Saw an article today saying "Brown is the new Green" - the argument being that green has been corporatized so deeply that it no longer represents the true social and ecological justice movement. Greenwashing, plain and simple, is in full effect.
The author suggested the color of the earth itself as a color that would be uninteresting to corporate marketing, but would symbolize global unity and our origins from the soil.
In our straw bale building community, we have often joked about being the "brown" building guild - simply because we didn't see DOW chemical rigid foam (although we do use this product below grade) as an ecological product, even if it was colored green and being sold and promoted as an energy saving, green building product. LEED and the USGBC have made incredible inroads into mainstream building culture with their rating systems - and the G in USGBC has been adopted by culture at large it seems here in the USA.
Also, solar, geothermal, air sealing, heat recovery ventilation, and other high tech aspects of high performance building are, in my opinion truly environmental approaches, and not all natural buildings use these technologies appropriately, as there is still in my view, a rift between what i call "conventional green building" i.e.
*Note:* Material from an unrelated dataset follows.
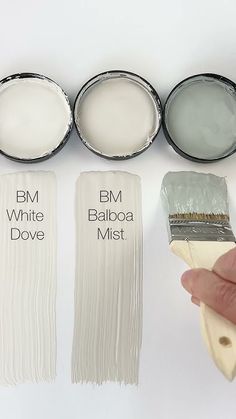 three different shades of white paint being used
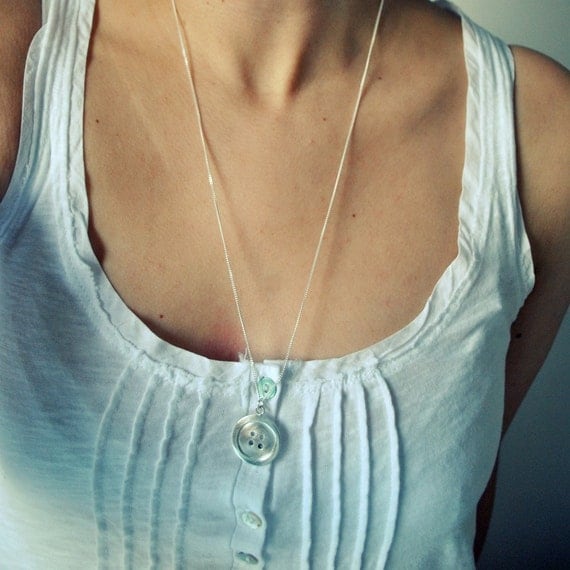 Silver Button Necklace - Handmade Pendant with Chain in Sterling Silver - Arts & Crafts - Gift for the Crafty Person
LEED, and natural building, or "brown" building.
Here in boulder we have the 7000 sf foam insulated green mcmansions, with 10kW of PV, 50K in geothermal or solar hot water, and 100k in high performance windows - which in my mind is akin to the Escalade Hybrid. While these buildings use the latest in green technology, and provide efficient, "net zero" energy living, healthy indoor air, and durable finishes and structure, they might employ workers below the living wage, use a ton of petroleum, isolate the owners from the community and vice versa, and have embodied energy in the materials of the building that are off the charts.
Conversely, the eco-hippie straw bale shacks in the mountains might require lots of driving to get to the off-grid, structure that might have indoor air quality problems, or still use propane or wood burning rather than an HRV and solar thermal. They might have recycled windows instead of buying new high performance ones that cause the whole system to perform poorly.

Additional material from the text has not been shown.